David Kirp is one of our most perceptive thinkers and writers about education. You will enjoy his new book about a wonderful public school in New Jersey. It is called “Improbable Scholars.”
In this article, he says that the massacre of little children in Newtown represents a frightening turning point in our society. What happened is –or should be–beyond our imagination. But it is a terrifying reality.
David Kirp observes: “Newtown marks an end to innocence, and in ways big and small – ways that we cannot entirely fathom – all of us are the losers.”
A great editorial from the San Jose Mercury News:
http://www.mercurynews.com/opinion/ci_22240508/mercury-news-editorial?IADID=Search-www.mercurynews.com-www.mercurynews.com
“If we allow this moment to pass without insisting on common-sense restrictions on weapons designed for war, we will be saying that what happened in Newtown is an acceptable price to pay for the Second Amendment.”
Newtown changes everything the same way September 11 did. It’s not that we were any less safe on September 12 than we were on September 10, but just that our blinders had been ripped off, leaving us in a state of fear. Our resolve after September 11 could have driven us to actually take a hard look and figure out what went wrong, but unfortunately before that could happen, various forces took advantage of our shock and fear to push through their self-interested policies like heightened security procedures that make no rational sense, but make people feel like something’s being done, while at the same time making the population more docile and controllable.
Similarly, we could use Newtown to take a good, hard look at gun proliferation and the abyssmal way we treat our mentally ill, but instead, self-interest groups will push through a bunch of measures that, at best, are band-aids, at worse will exacerbate the problem, all while someone profits from it.
I don’t know what it will take to truly wake this country up.

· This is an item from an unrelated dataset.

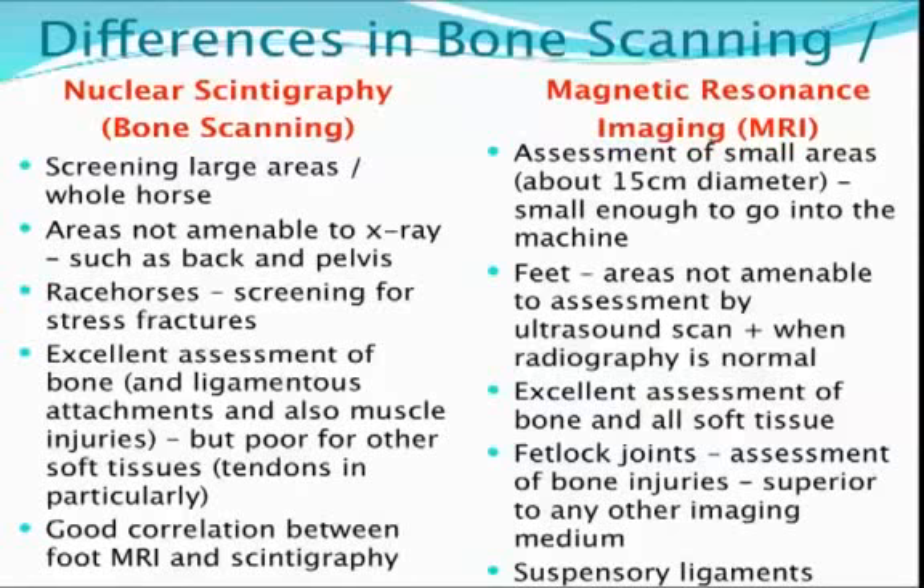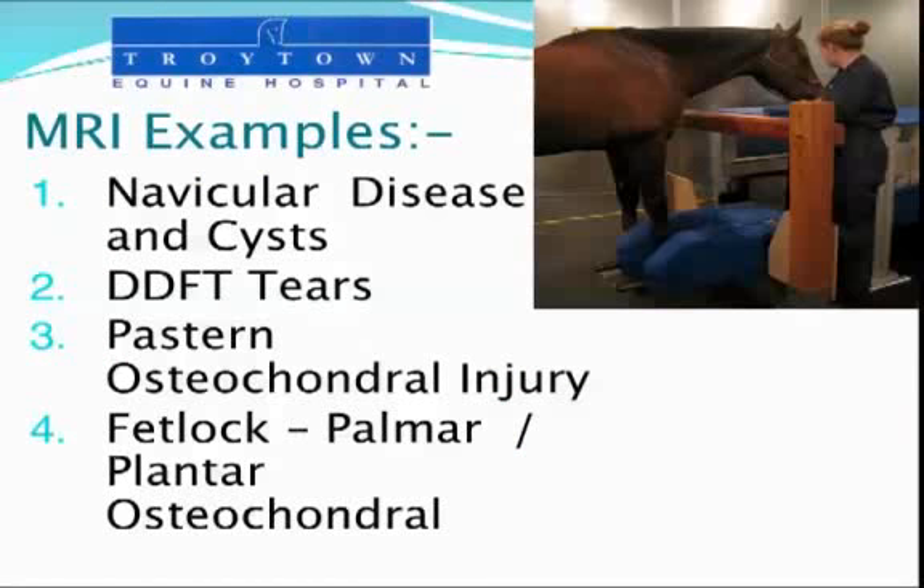I'm going to give you some examples of those now in the rest of the seminar. There's an excellent assessment of bone and of soft tissues on the same images, and we can look at suspensory ligaments and fetlock joints and really understand injuries a lot better.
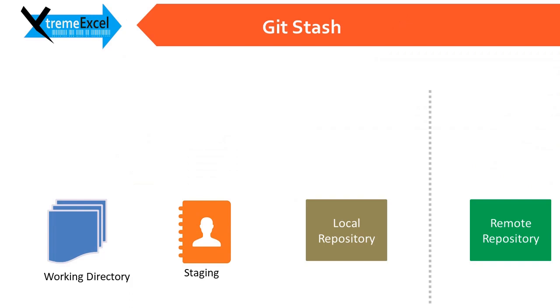Welcome back everyone. If you have been using Git for a while, you might have heard about git stash. It's one of the useful features in Git — a command that helps you temporarily but safely store your uncommitted local changes. It is like putting your uncommitted changes on a shelf, and you can at any point of time take it back.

We’re like the proverbial frog in the slowly heating water. The difference is that the frog thing is a myth – the frog really will hop out.

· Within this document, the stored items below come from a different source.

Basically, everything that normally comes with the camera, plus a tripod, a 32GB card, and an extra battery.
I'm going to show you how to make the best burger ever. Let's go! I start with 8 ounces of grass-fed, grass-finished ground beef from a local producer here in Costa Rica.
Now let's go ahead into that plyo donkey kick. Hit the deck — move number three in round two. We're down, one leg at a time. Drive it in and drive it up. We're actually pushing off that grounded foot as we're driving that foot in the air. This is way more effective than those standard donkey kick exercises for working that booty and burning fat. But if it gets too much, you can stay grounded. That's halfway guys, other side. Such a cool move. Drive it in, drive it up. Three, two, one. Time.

The unintended consequences of any crises or mind wrenching event may define a sea change in how a society moves forward
from that moment. We have entered into a very defining and dangerous time in the lives of our children and the future they
will come to know as their normal.
Financial burdens will drive an isolationist movement, technology
will support that movement, an Age of Control will be pushed
faster into their activities and redirect their freedoms. The military
industrial complex (already far ahead in community engineering techniques in their ability to control and maintain group and individuals behaviors)will be more visible in the children’s lives and
create a compliant environment taking what we have known in the
past as freedom of thought and freedom of life, liberty, and what
they might have chosen for happiness and reshape their existence.
September 11 began that future with the messages children receive
when they go through devices that check their person exposing
them to other people’s eyes and hands out of the control of their
parents who are held back from that assault of mind that relinquishes the parents ability to protect and makes the child helplessly compliant
to an unseen threat. Is that mind control? What do you think?

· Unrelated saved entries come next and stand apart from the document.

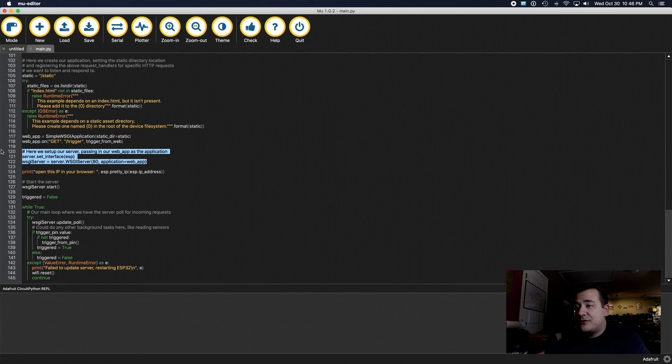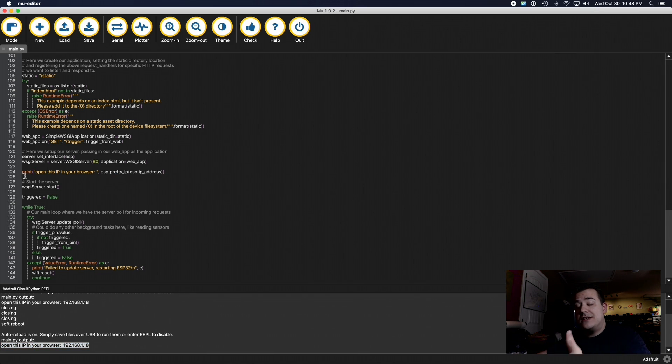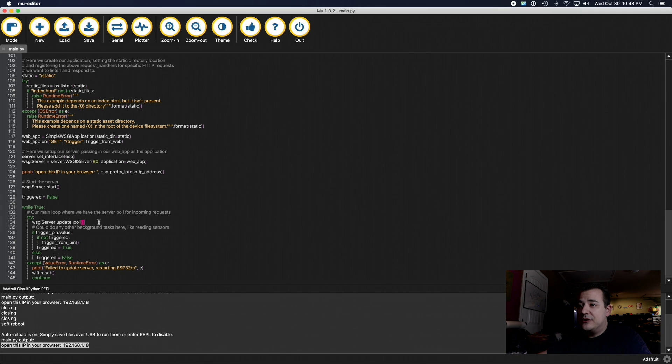The web server setup just tells it where files are for hosting that button, plus a couple more setup functions for the server and Wi-Fi. When you run it, it prints out the IP address from your router, which you put in your browser on your phone or desktop to manually trigger it. The main loop keeps checking: it tries to update the server to see if anyone's hitting it with their browser, checks if the trigger pin has been activated, and uses a triggered boolean so that lifting the candy bowl won't keep setting it off repeatedly — only when it changes state. If it sees an error from the ESP32 board, it reboots it. All this code will be available on GitHub, linked in the blog post.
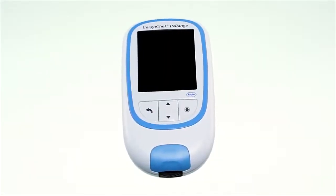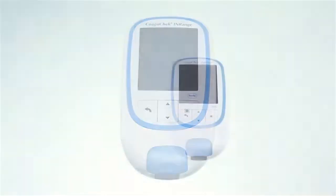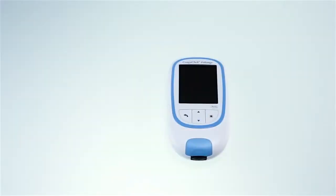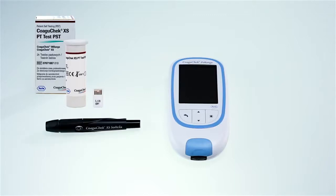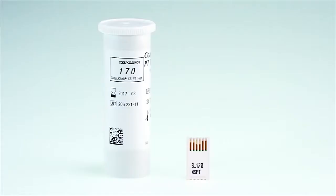Next we will show you how to test your INR. The first thing to do is to make sure you have everything you need to perform a test: a COAGUCHECK INRANGE meter, a container of COAGUCHECK XS PT test PST strips and a code chip, a COAGUCHECK XS soft clicks lancing device, and a COAGUCHECK soft clicks lancet. A lint free cloth or paper tissue. Have the test strip container at hand.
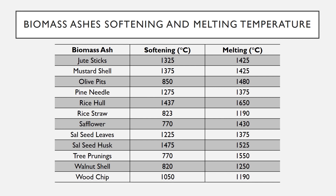Sal seed leaves: 1225°C softening, 1375°C melting. Sal seed husk: 1475°C softening, 1525°C melting.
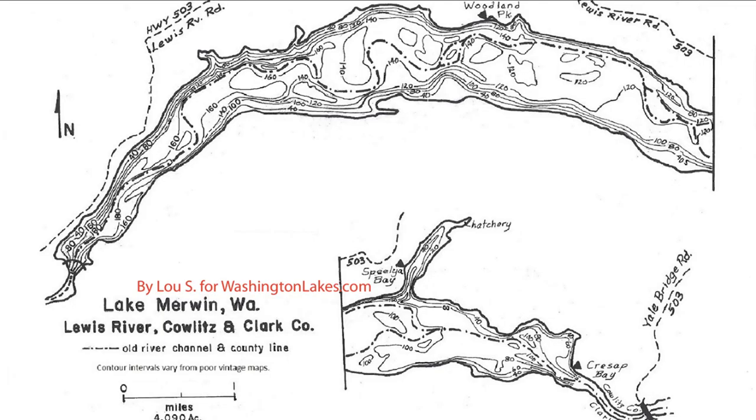Make sure before you get out there your boat is in top-notch condition — batteries charged, poles loaded up. I even put the dodgers and flashers on. Make sure your life jackets and everything is in tip-top condition.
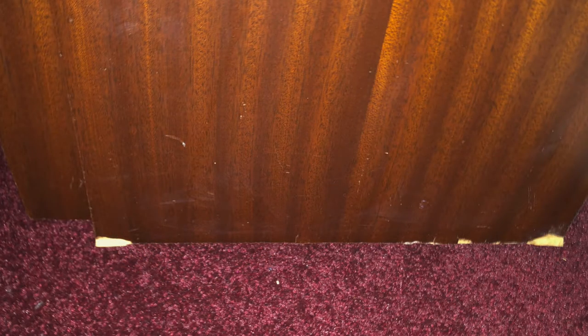Condition overall is really good. There are a few marks down at the bottom, maybe where it's been dragged over a pile carpet and we've lost a little bit of the veneer at the bottom, but that's kind of common.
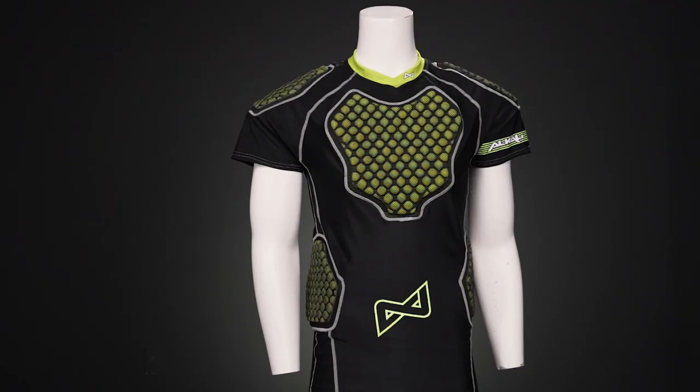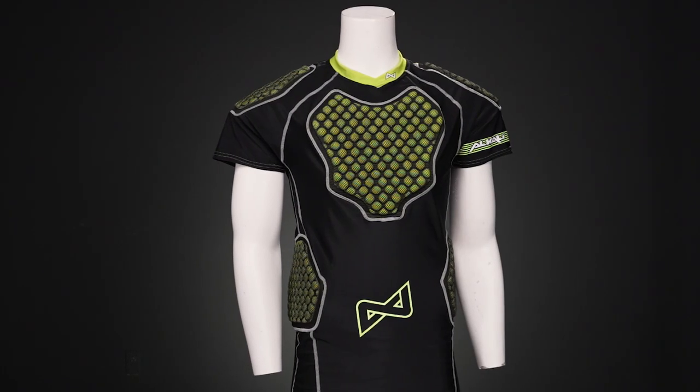Hey everyone, Brandon here from iDubHockey, here to do an overview and give you a closer look at the Alkali Selly 1 roller hockey shirt.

Add in the technology that feels like second nature to them and
there is yet again and unseen or unknown mechanism for mind
manipulation and control.
It is genius to get the masses to ask for their own controlled
environments and further isolate themselves. I remember as a
child being told to sit in the hallway of school with our backs to the
wall and our heads in our laps when the sirens would warn of a
incoming attack (this was war time and I was in elementary school) making us believe that we would be safer from that assault on us. I would think while in this position how all this really did, if a bomb would drop, is send my head up my own rear-end (and all the other children’s) leaving little human packages for the head counters if there was anything left of us when it was all over. Efficient but not going to protect us.
Real change for the gun argument is to get weapons that are meant
for war off the streets and out of the homes and hands of the public.
That makes sense. Arming more people makes no sense. If the total
number of children killed in schools is 100 nationwide and the total
number of children and citizens outside the school who are killed
and maimed each year is in the thousands then providing better law enforcement property and ability for safe communities would make more sense. This inclusive of enhanced mental health services. Beyond that there really is nothing that can be done except for teaching your child higher level thinking and survival skills and giving
them your philosophical imprint and I will hope it is holistict enough
to be tolerant of others and inclusive ot ideas and creative endeavors. Give them a chance to hold onto their own minds and
thoughts. Yes! I know this sounds conspiratorial. I so hope I can be
proven wrong. Time and the children will be the proof in the pudding.
It also will hopefully bring an end to the constant teacher bashing in this country
I hope you’re right. But the reformers don’t give up so quickly. We have to stay on guard.
Look at the NRA, and how they were quiet for awhile…and then started advocating for armed guards in schools. Ed reformers are no less aggressive.
With the nobility with which teachers saved the lives of and gave their lives for their children I think it is time that the profession was recognized for what it is,a calling not a job. We need to use Newtown to find some way to create a moratorium or ceasefire on teacher bashing in America—To make it as unfashionable as it is to bash soldiers returning from war.
While honoring teachers, we should also be used to help reduce violence in the schools and the proliferation of guns, particularly guns whose only purpose is to kill people, in society. I mean who knows more about behavior management than we do?
It’s called displacement.
Don’t be fooled by the fact that it breaks out first from the most bullied groups or weakest links of our society — the stress is everywhere and it affects us all until the system cracks, one damn “isolated event” after another.
People feel abused, bullied, or oppressed, justly or not, at the same time they are made to feel powerless, and they take it out in a sudden burst of violence on the only ones they feel more powerful than. Sometimes they hurt only themselves. Oppressors are very good at divide and conquer, manipulating the oppressed to fight among themselves, forcing them to seek out still more powerless scapegoats.to prove they have any power at all. Look around, the results are never pretty.
September 12. Good point.
The Monday after the Connecticut shooting, the most important presence in front of our schools and in the halls were teachers, custodians, secretaries, and principals greeting, hugging, and taking cues from children.
Adults define safety in terms of armed guards at doors, bullet proof glass, metal detectors, and eyes in the sky over campuses. Children feel safe when adults are calm, routines are in place, and there is a “right amount” but not overt and 24/7 armed supervision.
And, therein lies the problem.
In the past week, a small but loud contingent of parents in our district have started petitions and calls for armed “guards” at all schools (we already have and SRO at the high school). Forget logic, statistics, and concerns of what message we send to children – parents are understandably at a raw, emotional, level.
So, yes, this IS a defining moment in the culture of what school will be for children. The innocence of school the way it oughta be.
I remember the meetings and the day well when we placed armed School Resource Officers in our suburban high schools. They were/are there for student “stuff” – pick up on the tips – deal with student issues – getting along with students… and prevent the rare moment of potential student terrorism, usually picked up on a tip. Parents were outraged – “Will he carry a gun?” “Why do we need this?” Now – it’s the norm.
It appears we are at the next defining moment? The question is: Are we past the days of SROs and now faced with armed, Israeli-like protection at all grade levels?
I was watching Bowling for Columbine last night. Here is a quote from a father of Columbine victim:
“I am here today because my son Daniel would want me to be here today. If my son Daniel was not one of the victims, he would be here with me today. Something is wrong in this country when a child can grab a gun, grab a gun so easily, and shoot a bullet into the middle of a child’s face, as my son experienced. Something is wrong. But the time has come to come to understand that a Tech-9 semi-automatic-bullet weapon like that, that killed my son, is not used to kill deer. It has no useful purpose. It is time to address this problem.”
It’s now way past time to address this problem.